Mohamed Mustafa Tabet (or Tabit) wasn’t exactly Captain Renault.
While Morocco still has prisoners on death row, Tabet’s was the first execution actually carried out in 11 years, and it’s the last execution in Morocco to date. He went on the rocket docket, just five months from his arrest to standing up against a wall.
To earn that rare distinction, Tabet exploited his official power to rape or sexually exploit hundreds of women. Tabet confessed to some 1,500 victims over 13 years; the minimum figure matches the 518 personal identity cards found in his apartment. (Also found: 118 video cassettes — many of them violent — and a computer list of his crimes.)
The “Tabet Affair” — actually called “Tabetgate,” proving that the United States retains the power of exporting ideas — opened a discomfiting window on gender and power in Morocco.
Webster University Prof. Don Conway-Long was in Morocco at the time researching gender and masculinity for his dissertation.
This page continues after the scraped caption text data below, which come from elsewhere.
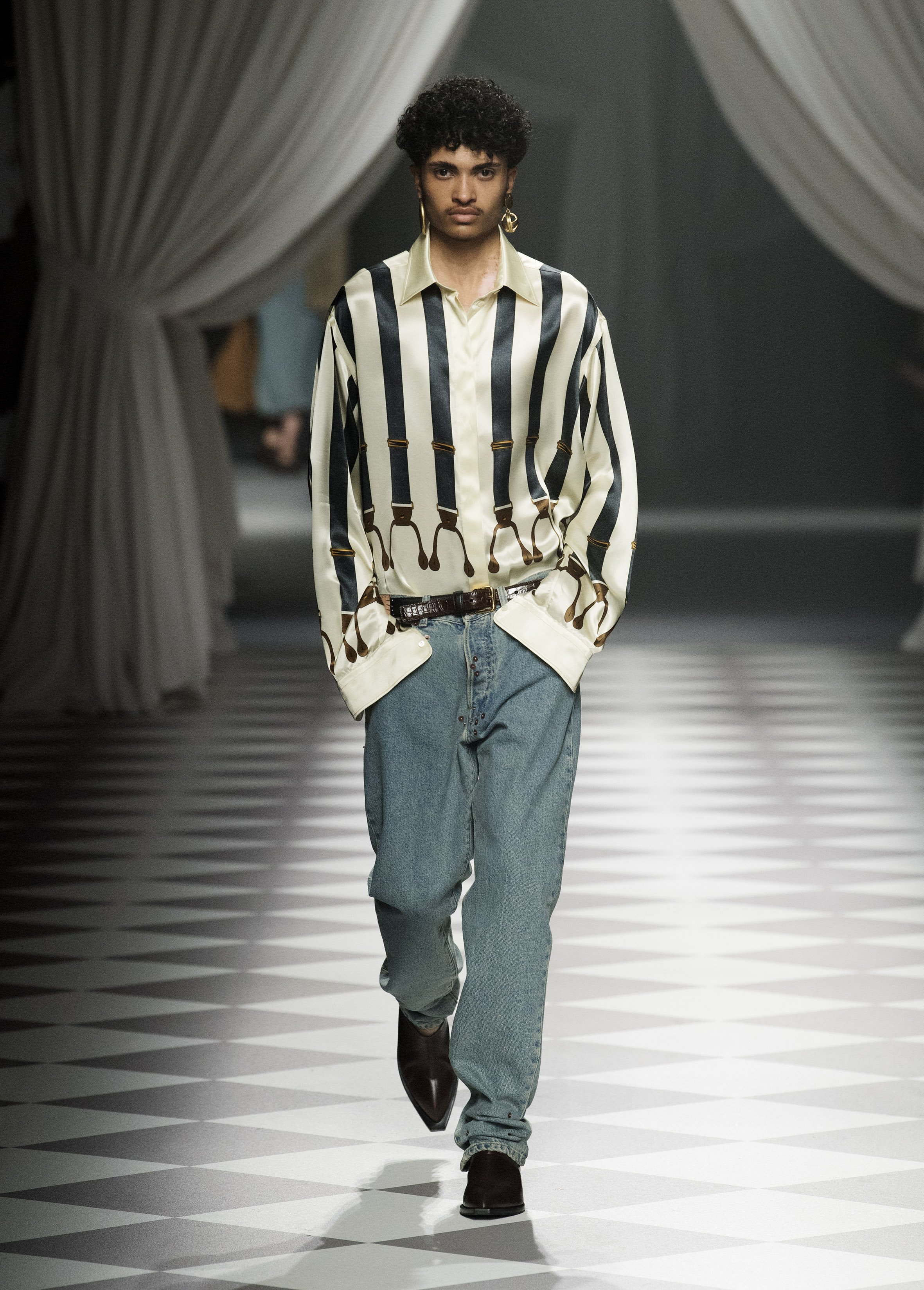 Moschino ritrova la bellezza di un tempo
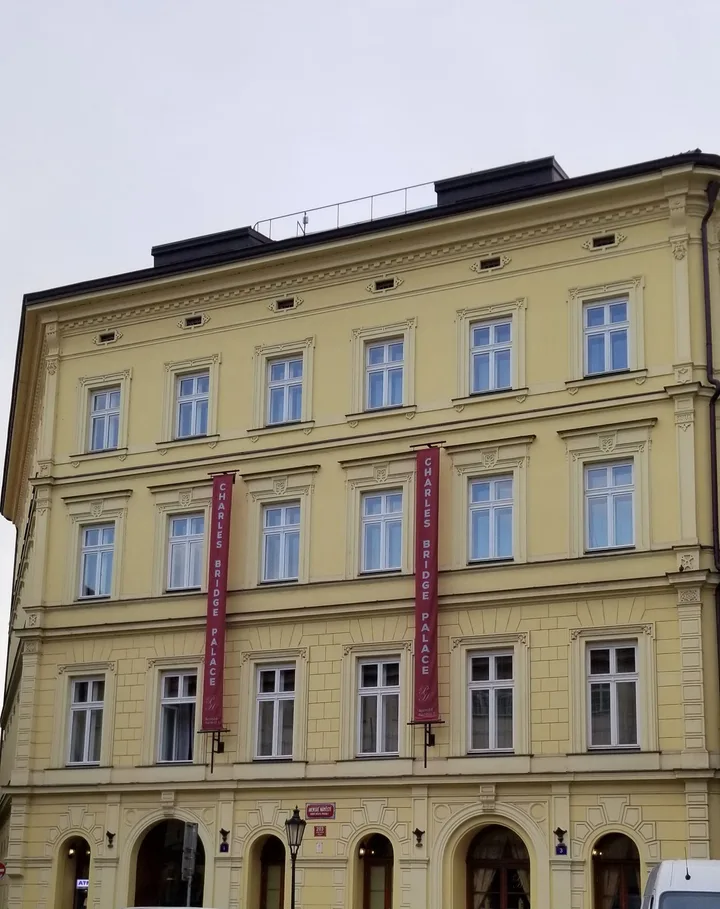 Fasáda hotelu Charles Bridge Palace na Anenském náměstí v Praze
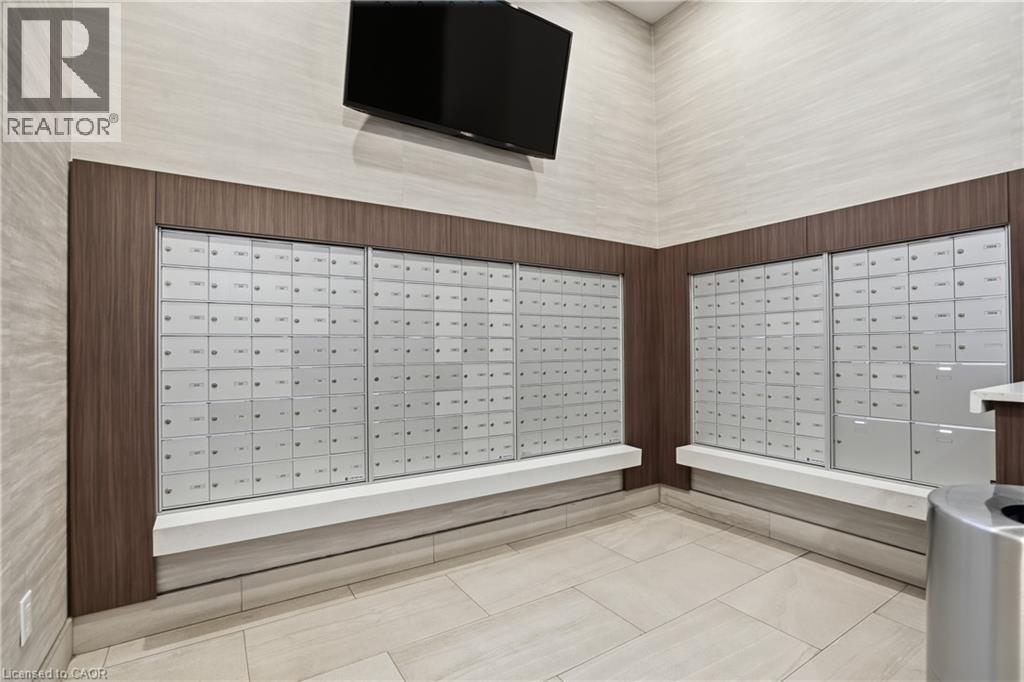 550 North Service Road Unit# 1504, Grimsby, Ontario  L3M 0H9 - Photo 28 - 40821125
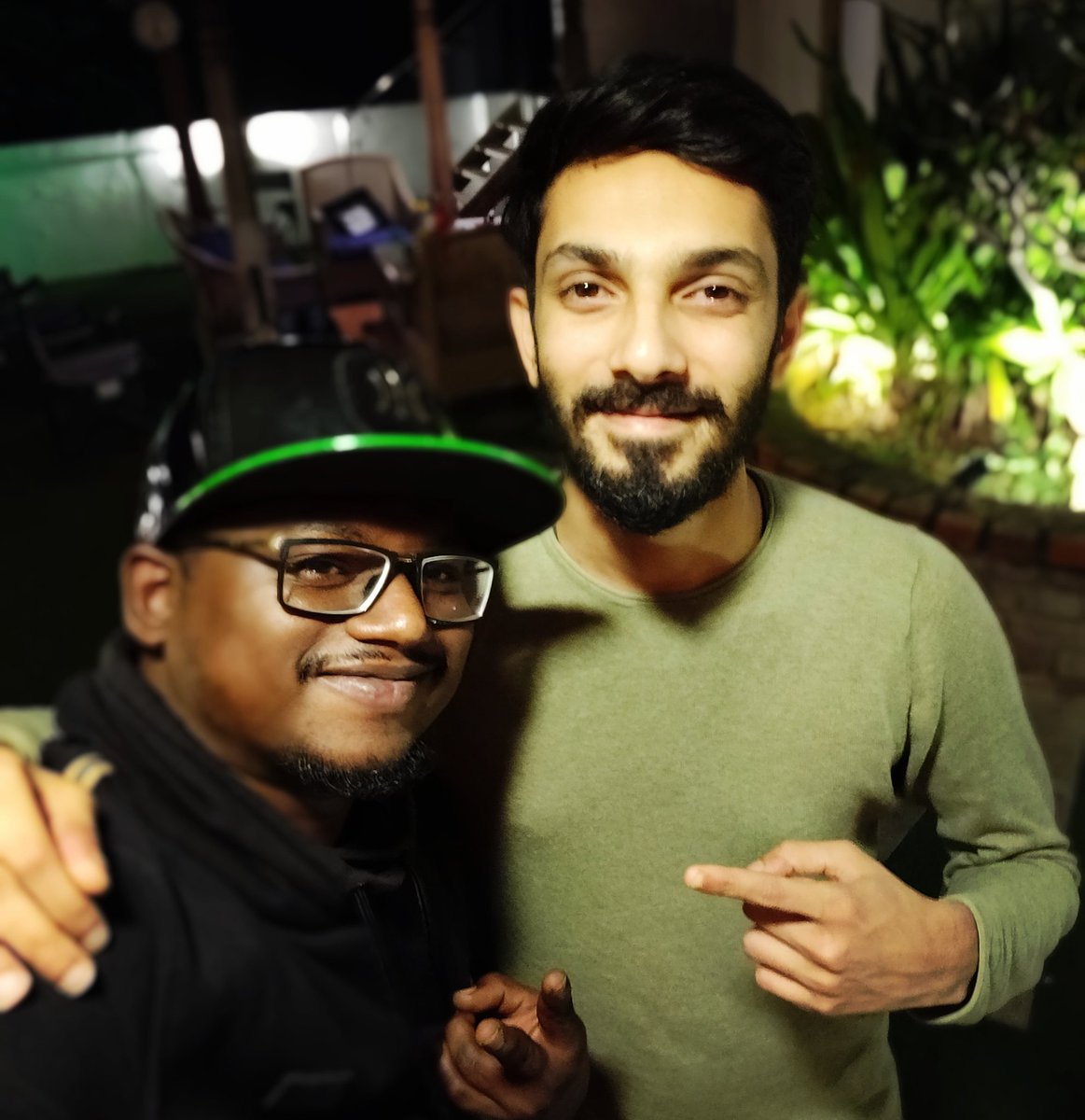 InnoruVaatti with our Rockstar 👑💥💫
<a href="/anirudhofficial/">Anirudh Ravichander</a> ❤️❤️🌟✨
#VaathiRaid #Weareback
His paper “Sexism and Rape Culture in Moroccan Social Discourse” (pdf) is probably the most illuminating readily-available English* document on the affair — and the many contradictory reactions it drew from contemporaries, and the pressure it put on the government to contain the fallout as “a morals case, instead of looking further into overall police corruption.”.....
(Excerpt) Read more at executedtoday.com ...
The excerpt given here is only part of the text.